Villagers have set up camp outside the empty lot where Chevron aims to install its first exploratory well, blocking access and forcing the company to announce last week it was suspending work.
“Our kitchens are filled with homemade jams and preserves, sacks of nuts, crates of honey and cheese, all produced by us,” said Doina Dediu, 47, a local and one of the protesters.
“We are not even that poor,” she said. “Maybe we don’t have money, but we have clean water and we are healthy and we just want to be left alone.”
The decision to stop work at Pungesti – which was to have been Romania’s first shale gas exploration well – matters because of the message it may send about how welcome shale gas is in eastern Europe.
Large parts of wealthier western Europe have shunned shale gas exploration because of fears about possible water pollution and seismic activity from the hydraulic fracturing or “fracking” process used to release it.
The industry says the risks can be avoided.
While Britain decided this year to support shale gas exploration, France has a total ban citing ecological concerns and Germany is reviewing its position on shale.
In poorer, ex-Communist parts of the continent the need to bring in tax revenues, cheaper fuel supplies and jobs has shown signs of trumping the concerns, but to what extent is not yet clear.
GROUNDED IN SCIENCE
Chevron, which has all the necessary permits for the exploration well at Pungesti, says it adheres to the highest safety standards.
The exploration phase would last around five years and not involve fracking, the process whereby large amounts of water mixed with chemicals is forced into rock formations under high pressure to crack them apart and release natural gas.
Company executives met Romanian Prime Minister Victor Ponta on Monday while he was making a scheduled visit to Washington.
“Emphasis was placed on continuing activities responsibly and safely for the environment, while at the same time giving communities the chance to have a conversation grounded in scientific data,” Chevron said in a statement.

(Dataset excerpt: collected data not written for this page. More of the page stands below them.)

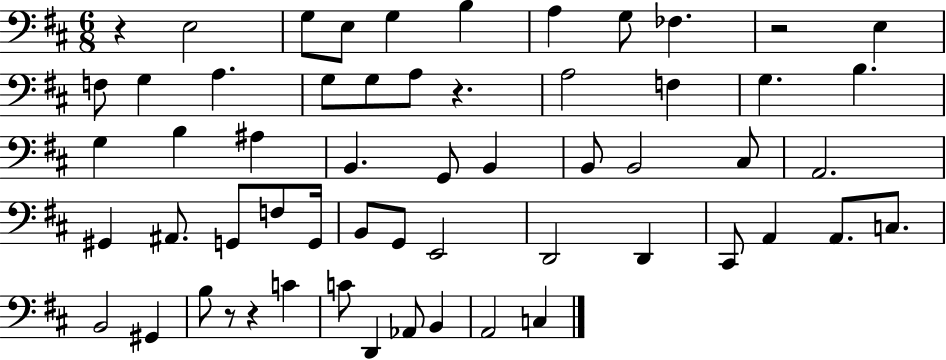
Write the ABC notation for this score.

X:1
T:Untitled
M:6/8
L:1/4
K:D
z E,2 G,/2 E,/2 G, B, A, G,/2 _F, z2 E, F,/2 G, A, G,/2 G,/2 A,/2 z A,2 F, G, B, G, B, ^A, B,, G,,/2 B,, B,,/2 B,,2 ^C,/2 A,,2 ^G,, ^A,,/2 G,,/2 F,/2 G,,/4 B,,/2 G,,/2 E,,2 D,,2 D,, ^C,,/2 A,, A,,/2 C,/2 B,,2 ^G,, B,/2 z/2 z C C/2 D,, _A,,/2 B,, A,,2 C,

Asked to comment on local concerns, the company said it tests groundwater before and after drilling to make sure it is not affected, carries out geological seismic surveys and keeps the community informed at every stage.

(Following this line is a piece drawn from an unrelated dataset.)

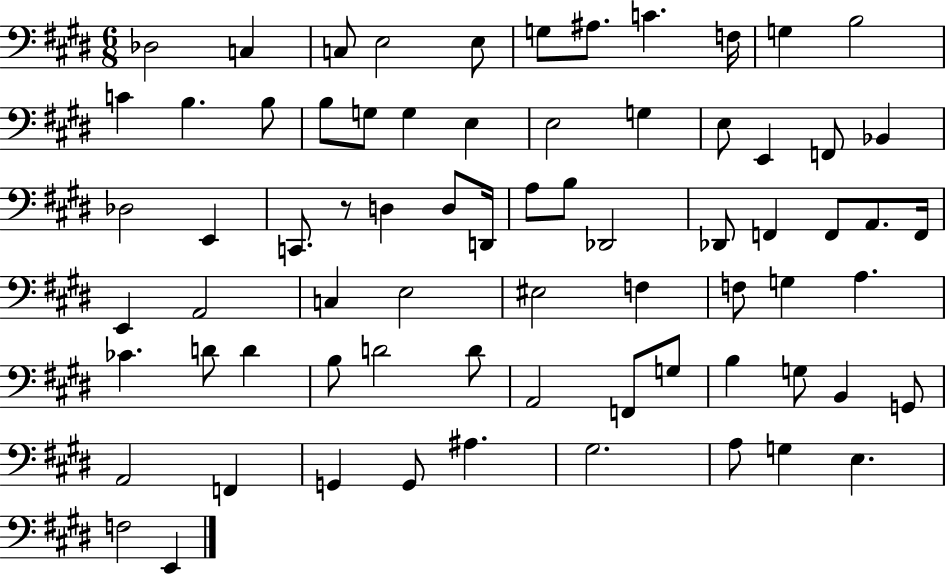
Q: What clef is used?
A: bass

In a detailed statement, it pointed to the widespread use of fracking in the United States and elsewhere and said it “is a proven technology that has been used safely for more than 60 years”.

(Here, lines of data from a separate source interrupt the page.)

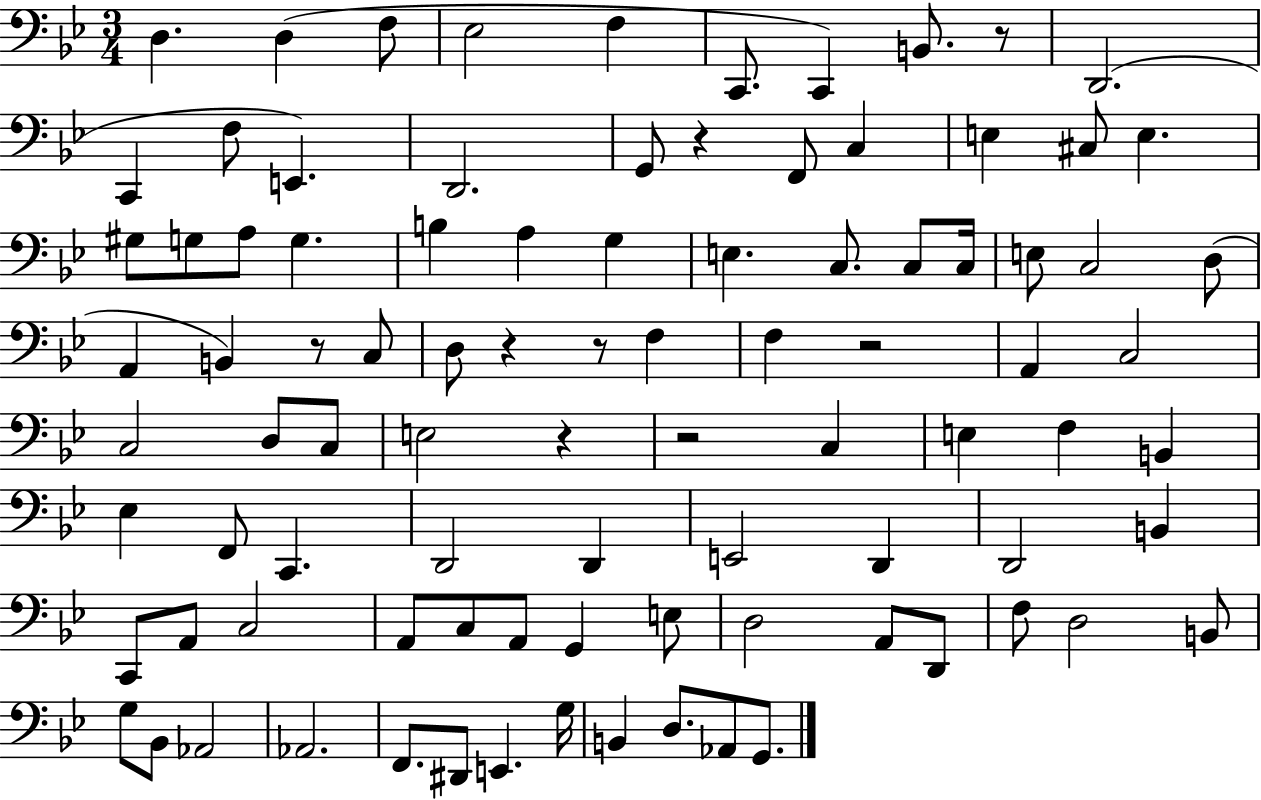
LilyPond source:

{
  \clef bass
  \numericTimeSignature
  \time 3/4
  \key bes \major
  d4. d4( f8 | ees2 f4 | c,8. c,4) b,8. r8 | d,2.( | \break c,4 f8 e,4.) | d,2. | g,8 r4 f,8 c4 | e4 cis8 e4. | \break gis8 g8 a8 g4. | b4 a4 g4 | e4. c8. c8 c16 | e8 c2 d8( | \break a,4 b,4) r8 c8 | d8 r4 r8 f4 | f4 r2 | a,4 c2 | \break c2 d8 c8 | e2 r4 | r2 c4 | e4 f4 b,4 | \break ees4 f,8 c,4. | d,2 d,4 | e,2 d,4 | d,2 b,4 | \break c,8 a,8 c2 | a,8 c8 a,8 g,4 e8 | d2 a,8 d,8 | f8 d2 b,8 | \break g8 bes,8 aes,2 | aes,2. | f,8. dis,8 e,4. g16 | b,4 d8. aes,8 g,8. | \break \bar "|."
}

But it is struggling to convince the people of Pungesti.
Three public meetings held over the summer with Chevron and environment agency officials turned into shouting matches. Deputy mayor Vasile Voina says he believes people “were not sufficiently informed”.
Sprawled along a bumpy road, the town of 3,420 people is made of eight villages with narrow houses behind short, chipped picket fences, fat orange pumpkins dotting small plots of land and apples drying in the sun behind window panes. It does not have central heating or a mains water supply.
Even in this remote town, 340 km (210 miles) northeast of the Romanian capital Bucharest, the global debate about the impact of “fracking” has permeated.
Several people said they had gone on YouTube to watch excerpts of the 2010 U.S. documentary “Gasland,” which purported to show the environmental damage caused by shale gas production.
The energy industry disputes allegations made in the film, but it, and other sources, including activists and local clergy, have influenced opinion in Pungesti.
People say heavy equipment will ruin their roads. They fear fracking will cause earthquakes and pollute their water, risking their health, their cattle and their vegetable gardens.
“If they put wells they will destroy farming,” said Andrei Popescu, 22.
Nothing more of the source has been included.